The danger lies not just in the deception but in how people respond to it. Research shows that roughly 55 percent of people can accurately identify AI-generated content—far lower than most believe themselves capable of. More troubling still, exposure to AI content appears to erode people's ability to discern fact from fiction and increases their distrust of authentic material. Comments on the videos suggest real people are being persuaded: one woman responded to an AI protest scene with "keep going," while another wrote "Never Back Down." Even when people suspect content is artificial, research suggests many do not care, as long as it aligns with their existing worldview. As one commenter on the "Great British People" page put it: "It's probably AI but the fact is that he is right about everything."

Meta, which owns Facebook and Instagram, said it takes coordinated inauthentic behavior seriously and has specialized teams working to identify and disrupt such activity. The company stated it will act against any content or accounts violating its Community Standards, whether AI-generated or not. Khan has called for more aggressive action: amending algorithms to stop rewarding divisive content and clearly labeling AI material. But as van der Linden notes, the "disinformation-for-hire industry" is growing, with paid actors and influencers manufacturing support for agendas using AI and bot networks. The question now is whether platforms and regulators can move fast enough to contain it.

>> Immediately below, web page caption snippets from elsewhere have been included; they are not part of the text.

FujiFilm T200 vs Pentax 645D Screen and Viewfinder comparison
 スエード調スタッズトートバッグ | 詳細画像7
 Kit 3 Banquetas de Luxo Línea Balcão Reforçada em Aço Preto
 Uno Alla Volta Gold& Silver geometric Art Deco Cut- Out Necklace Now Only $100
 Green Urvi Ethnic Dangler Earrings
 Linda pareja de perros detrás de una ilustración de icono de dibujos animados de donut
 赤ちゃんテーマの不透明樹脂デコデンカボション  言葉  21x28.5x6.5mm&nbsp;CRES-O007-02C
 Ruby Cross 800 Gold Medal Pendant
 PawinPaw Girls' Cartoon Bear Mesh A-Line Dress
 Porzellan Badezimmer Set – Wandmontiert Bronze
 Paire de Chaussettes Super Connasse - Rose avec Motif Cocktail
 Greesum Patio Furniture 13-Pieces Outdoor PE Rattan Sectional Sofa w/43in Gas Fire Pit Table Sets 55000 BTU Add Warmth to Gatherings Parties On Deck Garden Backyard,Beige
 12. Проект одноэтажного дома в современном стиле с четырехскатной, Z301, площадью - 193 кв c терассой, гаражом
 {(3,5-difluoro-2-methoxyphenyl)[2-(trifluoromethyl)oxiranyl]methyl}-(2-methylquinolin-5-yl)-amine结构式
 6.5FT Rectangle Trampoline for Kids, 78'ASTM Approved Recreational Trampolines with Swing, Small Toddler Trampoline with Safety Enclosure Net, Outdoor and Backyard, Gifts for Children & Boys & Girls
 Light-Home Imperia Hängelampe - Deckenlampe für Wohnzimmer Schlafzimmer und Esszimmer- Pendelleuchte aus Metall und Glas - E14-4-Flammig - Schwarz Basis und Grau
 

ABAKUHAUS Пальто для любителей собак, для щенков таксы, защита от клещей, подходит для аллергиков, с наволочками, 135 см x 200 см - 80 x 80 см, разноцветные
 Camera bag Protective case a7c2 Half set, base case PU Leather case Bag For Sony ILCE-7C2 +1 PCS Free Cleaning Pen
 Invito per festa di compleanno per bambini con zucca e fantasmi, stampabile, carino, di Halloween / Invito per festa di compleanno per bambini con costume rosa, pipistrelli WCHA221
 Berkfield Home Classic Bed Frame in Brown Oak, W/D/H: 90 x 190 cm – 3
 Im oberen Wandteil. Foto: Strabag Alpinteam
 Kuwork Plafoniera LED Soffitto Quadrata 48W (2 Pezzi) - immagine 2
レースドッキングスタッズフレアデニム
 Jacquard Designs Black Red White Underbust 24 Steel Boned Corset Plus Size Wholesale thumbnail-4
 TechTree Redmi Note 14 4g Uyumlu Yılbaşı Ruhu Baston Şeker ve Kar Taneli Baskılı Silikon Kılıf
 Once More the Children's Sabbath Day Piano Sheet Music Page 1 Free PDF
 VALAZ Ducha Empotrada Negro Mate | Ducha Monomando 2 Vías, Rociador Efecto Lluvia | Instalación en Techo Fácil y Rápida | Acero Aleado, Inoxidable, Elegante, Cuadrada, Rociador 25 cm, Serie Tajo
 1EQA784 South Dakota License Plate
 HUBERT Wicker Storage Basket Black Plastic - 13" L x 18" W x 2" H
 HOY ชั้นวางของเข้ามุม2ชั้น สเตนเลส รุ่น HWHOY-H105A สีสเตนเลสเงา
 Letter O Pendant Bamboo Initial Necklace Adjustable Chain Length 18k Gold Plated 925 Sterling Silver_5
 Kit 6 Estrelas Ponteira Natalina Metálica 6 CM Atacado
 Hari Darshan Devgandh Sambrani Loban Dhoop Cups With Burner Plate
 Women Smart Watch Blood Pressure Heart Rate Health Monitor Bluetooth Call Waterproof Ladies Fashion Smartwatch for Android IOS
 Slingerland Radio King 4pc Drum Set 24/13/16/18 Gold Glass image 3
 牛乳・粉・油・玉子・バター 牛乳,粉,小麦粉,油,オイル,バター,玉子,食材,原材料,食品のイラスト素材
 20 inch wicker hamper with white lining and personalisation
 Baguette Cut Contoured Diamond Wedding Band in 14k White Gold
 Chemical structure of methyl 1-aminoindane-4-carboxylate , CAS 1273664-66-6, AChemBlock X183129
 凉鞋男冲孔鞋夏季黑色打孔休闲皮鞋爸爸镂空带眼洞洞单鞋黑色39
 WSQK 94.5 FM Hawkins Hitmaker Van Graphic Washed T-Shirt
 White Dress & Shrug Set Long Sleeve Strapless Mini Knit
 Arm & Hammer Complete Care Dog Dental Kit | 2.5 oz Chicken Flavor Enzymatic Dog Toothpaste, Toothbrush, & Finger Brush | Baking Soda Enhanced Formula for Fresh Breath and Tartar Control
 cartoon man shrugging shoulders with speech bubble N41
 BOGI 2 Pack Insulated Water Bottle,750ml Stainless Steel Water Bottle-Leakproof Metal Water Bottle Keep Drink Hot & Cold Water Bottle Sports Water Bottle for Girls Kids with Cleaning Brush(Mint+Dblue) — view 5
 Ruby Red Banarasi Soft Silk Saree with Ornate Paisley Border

Our content has a clear purpose: we aim to inform people and voters about what we believe could happen in the coming decades if current social and cultural trends continue.
— Two creators of the 20+ million-view account, when challenged about divisive content
The more that people see AI content, the less able that they are to discern fact from fiction, then the more likely they're going to be to distrust real content.
— Prof Yvonne McDermott Rees, Queen's University Belfast
The Hearth Conversation Another angle on the story
Inventor

Why would someone in Sri Lanka care enough about British immigration to create all these videos?

Model

That's the question, isn't it. Some of them don't care at all—they're just chasing engagement and ad revenue. But others seem to have a political agenda. The ones who claim to be in contact with politicians, or the accounts that occasionally post content sympathetic to Russia and Iran—those suggest something more coordinated.

Inventor

So you're saying some of this could be state-sponsored?

Model

The mayor thinks so. He's seen evidence of Russian and Chinese activity, and extreme right-wing American groups too. But it's hard to prove. What we know is that the accounts exist, they're spreading divisive content, and they're reaching millions of people.

Inventor

The videos themselves—are they convincing?

Model

Convincing enough that people believe them, or at least don't question them. The research is sobering: people are worse at spotting fakes than they think, and the more fake content they see, the less they trust real information. One commenter basically said "I know it's probably AI, but I agree with the message anyway."

Inventor

So the fakeness doesn't matter if it fits what you already believe?

Model

Exactly. And that's the real problem. It's not just about fooling people once. It's about poisoning the entire information environment so that people stop trusting anything.

Inventor

What's Meta doing about it?

Model

They say they have teams working on it and they'll remove accounts that violate their standards. But the mayor and researchers are saying that's not enough—the algorithms themselves reward this kind of divisive content. You need to change the incentive structure, not just play whack-a-mole with individual accounts.

Inventor

Can it be stopped?

Model

That's the hard question. The technology is cheap, the profit motive is real, and the political appetite for this kind of content is clearly there. You'd need coordinated action from platforms, regulators, and media literacy efforts. Whether that happens fast enough is another matter.